Topçu kadını daha çocuk ve genç yaşta sopa altına alınmasını buyuruyor: “Kızların terbiyesine şimdikinden daha büyük önem vermek” gerektiğini belirtikten sonra “Liselerde kız ve erkek eğitimin ayrılması lazımdır” diyerek karma eğitime son verilmesini öneriyor.

Kadına ve karma eğitime karşı çıkan, laik eğitim yerine Osmanlı döneminin medrese ve tarikat eğitimine çağrıda bulunan söz konusu kitabın, kamu okullarında okutulması, hukuk dışı olmanın ötesinde, MEB eliyle açıktan suç işlendiğini gösterir.

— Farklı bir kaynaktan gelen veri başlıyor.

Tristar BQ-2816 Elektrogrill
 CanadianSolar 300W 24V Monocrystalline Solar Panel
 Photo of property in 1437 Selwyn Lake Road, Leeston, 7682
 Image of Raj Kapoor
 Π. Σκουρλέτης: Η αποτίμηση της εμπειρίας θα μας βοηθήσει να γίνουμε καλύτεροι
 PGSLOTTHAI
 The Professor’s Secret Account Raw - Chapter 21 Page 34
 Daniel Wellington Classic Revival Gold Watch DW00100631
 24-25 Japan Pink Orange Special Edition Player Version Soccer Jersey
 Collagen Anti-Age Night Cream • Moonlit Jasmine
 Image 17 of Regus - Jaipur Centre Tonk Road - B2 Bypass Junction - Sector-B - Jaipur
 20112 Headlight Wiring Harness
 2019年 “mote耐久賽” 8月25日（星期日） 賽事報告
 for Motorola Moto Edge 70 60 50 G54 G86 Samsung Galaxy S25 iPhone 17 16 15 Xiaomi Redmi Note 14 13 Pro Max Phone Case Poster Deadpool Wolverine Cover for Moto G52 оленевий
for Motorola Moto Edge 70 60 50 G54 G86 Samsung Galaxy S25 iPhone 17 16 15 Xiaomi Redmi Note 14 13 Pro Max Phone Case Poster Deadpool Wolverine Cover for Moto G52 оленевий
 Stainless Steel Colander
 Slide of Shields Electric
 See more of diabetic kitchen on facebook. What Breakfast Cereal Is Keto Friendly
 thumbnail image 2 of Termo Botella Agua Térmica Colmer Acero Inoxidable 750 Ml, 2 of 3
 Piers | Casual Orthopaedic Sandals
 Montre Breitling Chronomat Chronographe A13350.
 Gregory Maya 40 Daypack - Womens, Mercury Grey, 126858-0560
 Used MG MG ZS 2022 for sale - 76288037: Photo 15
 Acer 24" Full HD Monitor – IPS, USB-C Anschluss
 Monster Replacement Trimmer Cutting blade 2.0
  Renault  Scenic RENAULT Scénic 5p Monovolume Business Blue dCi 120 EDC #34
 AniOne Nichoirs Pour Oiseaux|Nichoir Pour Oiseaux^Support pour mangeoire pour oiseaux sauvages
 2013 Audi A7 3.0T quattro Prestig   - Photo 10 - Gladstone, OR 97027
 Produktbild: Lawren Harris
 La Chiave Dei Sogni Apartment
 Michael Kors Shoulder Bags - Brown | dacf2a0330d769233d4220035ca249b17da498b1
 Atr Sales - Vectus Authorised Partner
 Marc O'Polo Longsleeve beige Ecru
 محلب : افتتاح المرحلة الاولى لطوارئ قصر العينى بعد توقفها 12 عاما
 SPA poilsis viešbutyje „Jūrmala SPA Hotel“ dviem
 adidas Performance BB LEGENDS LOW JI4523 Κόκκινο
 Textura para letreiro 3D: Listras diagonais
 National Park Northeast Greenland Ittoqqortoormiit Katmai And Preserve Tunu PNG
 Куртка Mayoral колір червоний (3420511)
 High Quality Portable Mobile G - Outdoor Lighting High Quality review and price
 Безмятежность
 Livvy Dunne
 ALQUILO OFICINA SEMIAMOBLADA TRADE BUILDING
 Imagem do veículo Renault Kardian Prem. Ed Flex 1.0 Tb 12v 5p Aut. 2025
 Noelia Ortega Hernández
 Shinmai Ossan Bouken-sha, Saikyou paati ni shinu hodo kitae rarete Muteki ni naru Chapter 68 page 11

Eğitim emekçisine değil, MEB’e ve kitaba dava açılmalı

MEB ise ayrımcılığa, nefret söylemine ve toplumsal kutuplaşmaya neden olan bu suça aracılık yapıyor. MEB Din Öğretimi Genel Müdürlüğü, Türkiye çapında öğretmeleri Nurettin Topçu’nun Türkiye’nin Maarif Davası adlı kitabını tanıması için ‘meslek içi seminerlere’ katılmaya zorluyor. Katılmayan ve itiraz edenleri fişliyor, cezalandırıyor ya da disiplin soruşturması ile tehdit ediyor.

Okullara farklı kültürlerden gelen öğrencilere zorla mezhep elbisesi giydirmek isteyen, ırkı ve faşizm uygulamasına, öğretmenler zorla suç ortağı yapılmak isteniyor.

Bu çürümüş zihniyetin dayatıldığı eğitime katılmayan öğretmenlere ‘okul birliğini bozmaktan’ dolayı soruşturma açılıyor olması bir skandaldır. Asıl soruşturma Nurettin Topçu’nun kitabı ve MEB’e açılmalıdır.

Çünkü ayrımcıdır, nefret saçandır, şeriatçıdır, cinsiyetçidir, mezhepçidir, kadın ve Alevi düşmanıdır!

Bu gerici girişimleri sıradanlaştırmak ve duyarsız kalmak yerine, toplumsal duyarlılığı ve farkındalığı diriltmek zamanıdır.